In addition, many among the elderly had protested that the law required them to pay for the new government insurance, irrespective of whether it duplicated their own private supplementary coverage.

There are several ramifications for future legislation, congressional observers note.

For one thing, over the next few years Congress is virtually certain not to pass new legislation to meet America's broadest health issues, such as revamping the entire health-care system or providing some kind of federal insurance coverage to the estimated 37 million citizens without health insurance.
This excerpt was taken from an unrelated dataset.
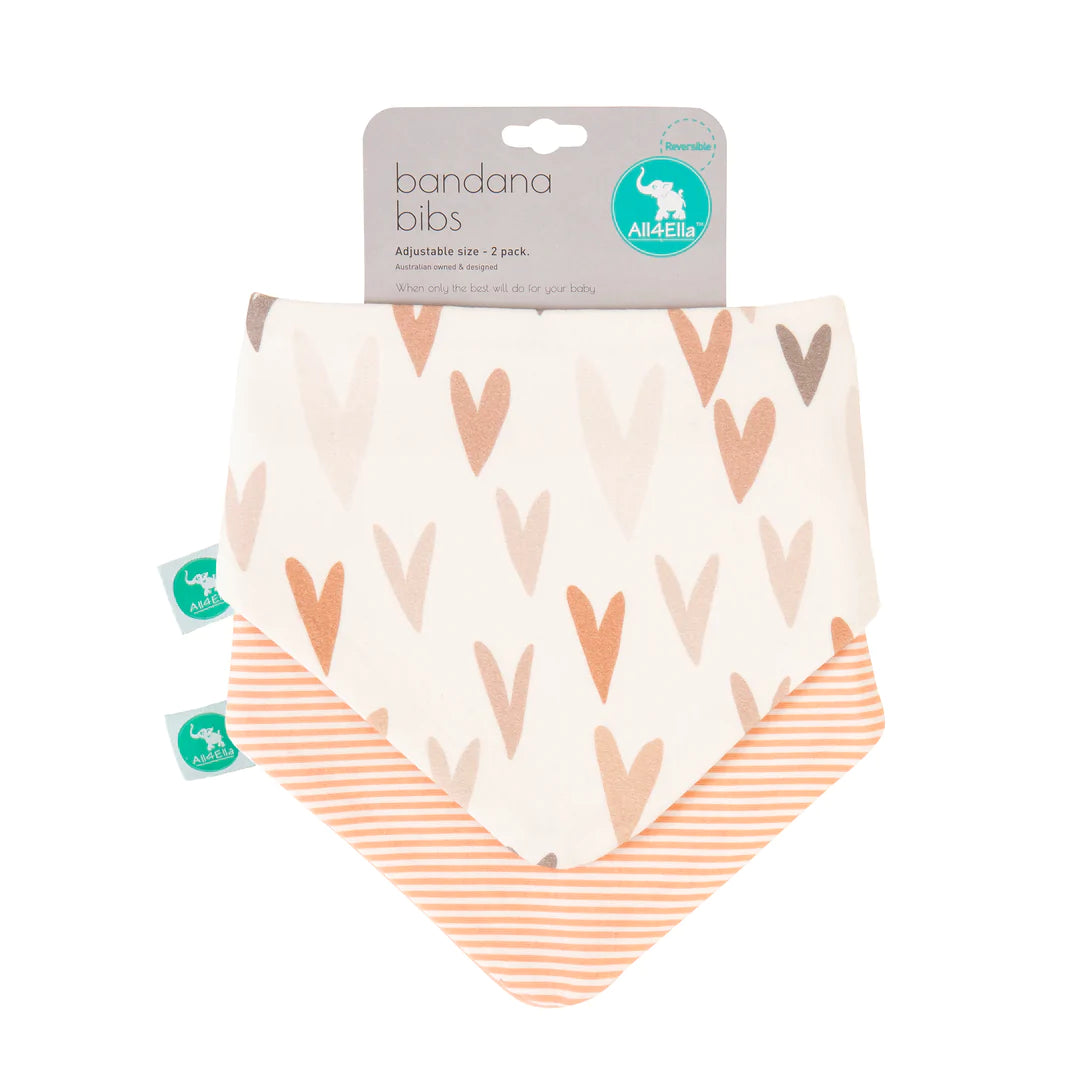 Bandana Bibs 2 Pack Reversible Assorted Designs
No one knows how to finance such expensive programs, which would cost billions of dollars. Congress will not be likely to try to finance a program by taxing those who are supposed to benefit from it, in view of the fierce protest from the affluent elderly. The tax would have financed part of the cost of the catastrophic health insurance bill. It is this unrelenting campaign of protest that has led both houses of Congress to backtrack from the measure that only last year many members of Congress had trumpeted as as a major legislative achievement.

But Congress is almost certain not to provide financial help over the next year or two at least to families facing the expenses of long-term care, which can run $25,000 a year or more. The only feasible way that many members formerly could see of financing such a program would be to have the elderly pay part of the costs. But Congress would not propose such a measure now due to protests by the elderly.

It is possible that one narrow area of need among elderly Americans will gain congressional action over the next year or two. That would be a carefully targeted effort to provide financial aid to the poorest among the elderly - the one-eighth of Americans over 65, disproportionately female and minority, who live below the poverty line.